A few months back a friend mentioned an obscure trading book to me, citing it as one of the best trading books he’s ever read, despite the fact that very few people have ever heard of it. Since this guy is a top notch trader in his own right, I made a mental note to add this book to my reading list.
Sperandeo categorizes market participants into three basic types:
- Traders, who focus their activity on the intraday and/or short term trend
- Speculators, who focus on the intermediate trend, taking market positions and holding them for weeks to months
- Investors, who deal mainly with the long term trend, and hold their positions from months to years
He identifies himself as primarily a speculator, but one who plays all three trends, which he jokes might make him a “speculative trader who also invests.”

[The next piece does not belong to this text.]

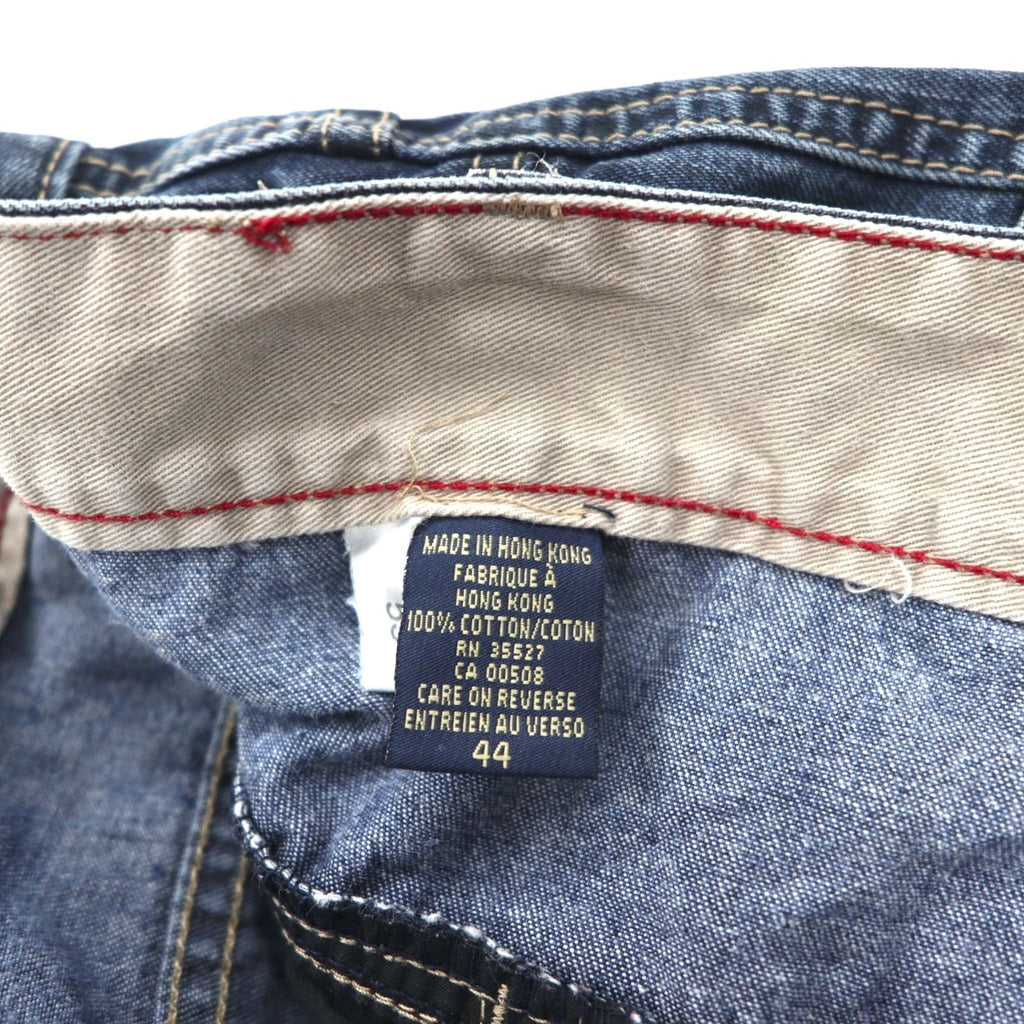 MARITHE + FRANCOIS GIRBAUD Pantaloni larghi in denim baggy XL Indigo Blu con design a vernice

What I found so great about this book is that Vic does not hold up any one theory or technique as holding the secret to investment success. On the contrary, he cites this as the flaw of most investment books – so, he set out to write one that would combine technical and fundamental analysis, with a healthy sprinkling of probabilities and risk management.

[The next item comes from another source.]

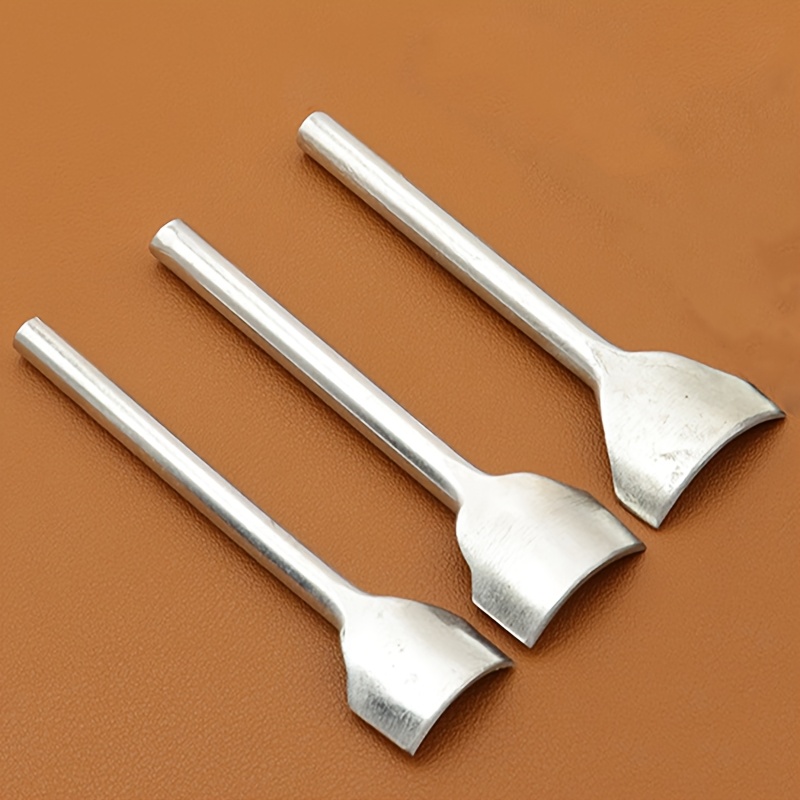 TEMU 3pcs 1/4 Quarter-circle Leather Punch Set | 10/15/20mm Shallow Arc Cutting Kit, Steel Manual Tool For Precise Curved Cutting On Leather Edges,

The key takeaway is that investing/trading is a game of probabilities. Your goal, as a market participant, is to maximize your probability of success on each trade, while simultaneously optimizing your risk/reward on that trade.
For much of the book, Sperandeo shares, chapter by chapter, the considerations he uses when placing his positions. He holds Dow Theory in very high regards, using it as a strong guide (but never an absolute indicator). He also uses basic technical analysis, saying its greatest value is that it “provides a method of measuring the tendency of the market to react in a particular way under similar conditions throughout history.”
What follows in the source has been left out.